** Extracted data follows **

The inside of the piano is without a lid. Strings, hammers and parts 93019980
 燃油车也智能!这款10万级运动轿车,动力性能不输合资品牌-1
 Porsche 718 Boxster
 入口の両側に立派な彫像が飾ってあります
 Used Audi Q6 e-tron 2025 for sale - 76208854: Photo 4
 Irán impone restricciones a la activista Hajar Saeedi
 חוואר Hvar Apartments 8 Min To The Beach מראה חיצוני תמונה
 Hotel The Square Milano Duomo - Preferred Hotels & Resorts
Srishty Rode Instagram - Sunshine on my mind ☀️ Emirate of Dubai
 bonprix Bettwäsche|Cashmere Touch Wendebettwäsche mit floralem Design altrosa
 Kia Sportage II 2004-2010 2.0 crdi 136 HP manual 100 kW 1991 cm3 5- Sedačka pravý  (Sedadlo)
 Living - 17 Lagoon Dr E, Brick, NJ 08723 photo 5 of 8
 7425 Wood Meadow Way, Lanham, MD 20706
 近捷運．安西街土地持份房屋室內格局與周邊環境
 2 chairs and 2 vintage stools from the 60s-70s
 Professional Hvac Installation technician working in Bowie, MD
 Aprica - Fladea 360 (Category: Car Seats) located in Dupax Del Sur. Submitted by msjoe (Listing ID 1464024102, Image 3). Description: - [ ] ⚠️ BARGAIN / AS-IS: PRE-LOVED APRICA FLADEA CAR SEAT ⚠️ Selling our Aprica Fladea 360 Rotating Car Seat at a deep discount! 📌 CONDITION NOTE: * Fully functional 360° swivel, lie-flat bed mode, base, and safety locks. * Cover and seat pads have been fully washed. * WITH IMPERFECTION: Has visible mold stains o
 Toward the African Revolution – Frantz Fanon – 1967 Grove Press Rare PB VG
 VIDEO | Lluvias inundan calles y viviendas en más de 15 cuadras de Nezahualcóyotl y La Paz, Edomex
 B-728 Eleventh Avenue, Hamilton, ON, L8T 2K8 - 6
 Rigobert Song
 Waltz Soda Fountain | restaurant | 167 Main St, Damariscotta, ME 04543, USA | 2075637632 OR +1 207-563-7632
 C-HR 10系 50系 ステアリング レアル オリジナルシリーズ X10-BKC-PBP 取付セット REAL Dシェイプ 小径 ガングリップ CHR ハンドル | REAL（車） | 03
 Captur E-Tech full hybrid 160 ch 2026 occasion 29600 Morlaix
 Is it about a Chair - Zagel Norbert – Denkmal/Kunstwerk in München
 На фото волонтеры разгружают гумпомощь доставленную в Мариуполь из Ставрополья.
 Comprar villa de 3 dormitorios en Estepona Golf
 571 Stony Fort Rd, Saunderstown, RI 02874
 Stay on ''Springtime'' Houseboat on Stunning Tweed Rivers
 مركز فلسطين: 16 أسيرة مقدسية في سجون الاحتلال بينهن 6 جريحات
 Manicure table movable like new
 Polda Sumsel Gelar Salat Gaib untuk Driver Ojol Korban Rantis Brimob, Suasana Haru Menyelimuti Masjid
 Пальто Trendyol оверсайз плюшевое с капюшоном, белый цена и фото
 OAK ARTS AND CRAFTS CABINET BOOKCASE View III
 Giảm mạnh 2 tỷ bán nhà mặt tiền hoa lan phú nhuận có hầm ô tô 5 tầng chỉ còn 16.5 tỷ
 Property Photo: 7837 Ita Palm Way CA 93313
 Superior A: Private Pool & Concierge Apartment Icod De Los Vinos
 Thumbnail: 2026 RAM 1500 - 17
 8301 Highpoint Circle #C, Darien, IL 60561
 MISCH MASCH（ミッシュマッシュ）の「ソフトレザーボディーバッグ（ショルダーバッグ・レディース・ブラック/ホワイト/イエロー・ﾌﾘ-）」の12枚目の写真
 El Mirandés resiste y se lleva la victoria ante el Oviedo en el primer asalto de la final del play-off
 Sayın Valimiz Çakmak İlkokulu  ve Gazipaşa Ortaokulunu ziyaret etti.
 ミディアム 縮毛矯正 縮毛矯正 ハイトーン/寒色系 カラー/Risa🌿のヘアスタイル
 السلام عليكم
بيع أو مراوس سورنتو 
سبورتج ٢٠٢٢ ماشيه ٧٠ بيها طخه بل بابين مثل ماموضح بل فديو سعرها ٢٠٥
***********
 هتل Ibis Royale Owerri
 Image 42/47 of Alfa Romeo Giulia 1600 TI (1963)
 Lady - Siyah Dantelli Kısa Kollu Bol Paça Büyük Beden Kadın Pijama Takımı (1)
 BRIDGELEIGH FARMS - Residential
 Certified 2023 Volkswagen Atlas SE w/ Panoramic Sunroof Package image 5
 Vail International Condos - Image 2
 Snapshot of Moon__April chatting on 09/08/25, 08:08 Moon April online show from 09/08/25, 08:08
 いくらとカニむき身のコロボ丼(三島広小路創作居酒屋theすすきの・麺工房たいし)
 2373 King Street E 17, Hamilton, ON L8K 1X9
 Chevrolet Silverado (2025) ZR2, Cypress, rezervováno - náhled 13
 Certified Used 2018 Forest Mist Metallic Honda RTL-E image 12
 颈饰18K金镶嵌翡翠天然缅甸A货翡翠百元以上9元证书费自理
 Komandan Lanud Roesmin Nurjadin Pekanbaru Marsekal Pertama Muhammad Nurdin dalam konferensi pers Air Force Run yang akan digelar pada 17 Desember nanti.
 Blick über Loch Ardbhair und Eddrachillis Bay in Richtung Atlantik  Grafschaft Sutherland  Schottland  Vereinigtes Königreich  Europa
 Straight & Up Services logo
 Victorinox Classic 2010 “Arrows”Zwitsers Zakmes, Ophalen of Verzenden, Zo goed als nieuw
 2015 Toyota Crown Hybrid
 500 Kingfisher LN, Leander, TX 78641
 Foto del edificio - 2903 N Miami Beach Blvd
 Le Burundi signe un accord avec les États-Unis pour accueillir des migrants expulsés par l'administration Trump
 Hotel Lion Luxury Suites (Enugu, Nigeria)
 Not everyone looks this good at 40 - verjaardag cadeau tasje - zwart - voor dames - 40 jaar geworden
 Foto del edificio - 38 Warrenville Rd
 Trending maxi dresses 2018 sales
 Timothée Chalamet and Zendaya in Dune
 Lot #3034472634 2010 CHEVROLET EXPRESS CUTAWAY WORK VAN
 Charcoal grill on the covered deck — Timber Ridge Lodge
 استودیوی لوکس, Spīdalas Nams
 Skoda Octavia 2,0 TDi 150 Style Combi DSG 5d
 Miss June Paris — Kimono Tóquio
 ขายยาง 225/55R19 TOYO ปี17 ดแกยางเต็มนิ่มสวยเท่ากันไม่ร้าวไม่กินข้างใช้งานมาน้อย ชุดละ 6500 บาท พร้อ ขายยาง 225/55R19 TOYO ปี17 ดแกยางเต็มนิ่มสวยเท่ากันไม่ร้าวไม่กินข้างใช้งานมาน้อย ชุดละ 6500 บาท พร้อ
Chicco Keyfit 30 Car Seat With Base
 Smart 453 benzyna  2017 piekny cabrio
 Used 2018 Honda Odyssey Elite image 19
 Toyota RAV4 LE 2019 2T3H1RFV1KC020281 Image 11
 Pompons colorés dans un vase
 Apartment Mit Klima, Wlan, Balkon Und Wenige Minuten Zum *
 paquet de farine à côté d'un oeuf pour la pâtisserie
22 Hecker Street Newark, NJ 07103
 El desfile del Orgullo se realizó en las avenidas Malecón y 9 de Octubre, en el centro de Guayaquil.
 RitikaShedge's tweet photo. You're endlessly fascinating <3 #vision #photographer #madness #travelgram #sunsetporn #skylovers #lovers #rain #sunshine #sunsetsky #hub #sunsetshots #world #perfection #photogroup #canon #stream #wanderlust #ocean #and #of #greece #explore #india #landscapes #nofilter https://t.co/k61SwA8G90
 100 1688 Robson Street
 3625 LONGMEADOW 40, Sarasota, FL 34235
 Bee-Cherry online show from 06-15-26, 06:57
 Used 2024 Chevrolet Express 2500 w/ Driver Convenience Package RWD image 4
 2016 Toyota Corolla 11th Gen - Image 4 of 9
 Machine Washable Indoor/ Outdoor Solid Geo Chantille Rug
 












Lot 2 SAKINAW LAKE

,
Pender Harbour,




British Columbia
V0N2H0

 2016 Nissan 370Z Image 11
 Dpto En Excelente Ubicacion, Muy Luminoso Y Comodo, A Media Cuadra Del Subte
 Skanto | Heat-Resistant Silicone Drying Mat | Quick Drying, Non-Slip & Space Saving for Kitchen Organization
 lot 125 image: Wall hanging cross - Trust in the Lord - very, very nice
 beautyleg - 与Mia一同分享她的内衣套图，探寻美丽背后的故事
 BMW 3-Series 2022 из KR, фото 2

** End of Extracted data **

■ **Instructions for the task**
Give back the lines above exactly, from the one with "Lot 2 SAKINAW LAKE" through the last line.

■ **Response**
Lot 2 SAKINAW LAKE

,
Pender Harbour,




British Columbia
V0N2H0

 2016 Nissan 370Z Image 11
 Dpto En Excelente Ubicacion, Muy Luminoso Y Comodo, A Media Cuadra Del Subte
 Skanto | Heat-Resistant Silicone Drying Mat | Quick Drying, Non-Slip & Space Saving for Kitchen Organization
 lot 125 image: Wall hanging cross - Trust in the Lord - very, very nice
 beautyleg - 与Mia一同分享她的内衣套图，探寻美丽背后的故事
 BMW 3-Series 2022 из KR, фото 2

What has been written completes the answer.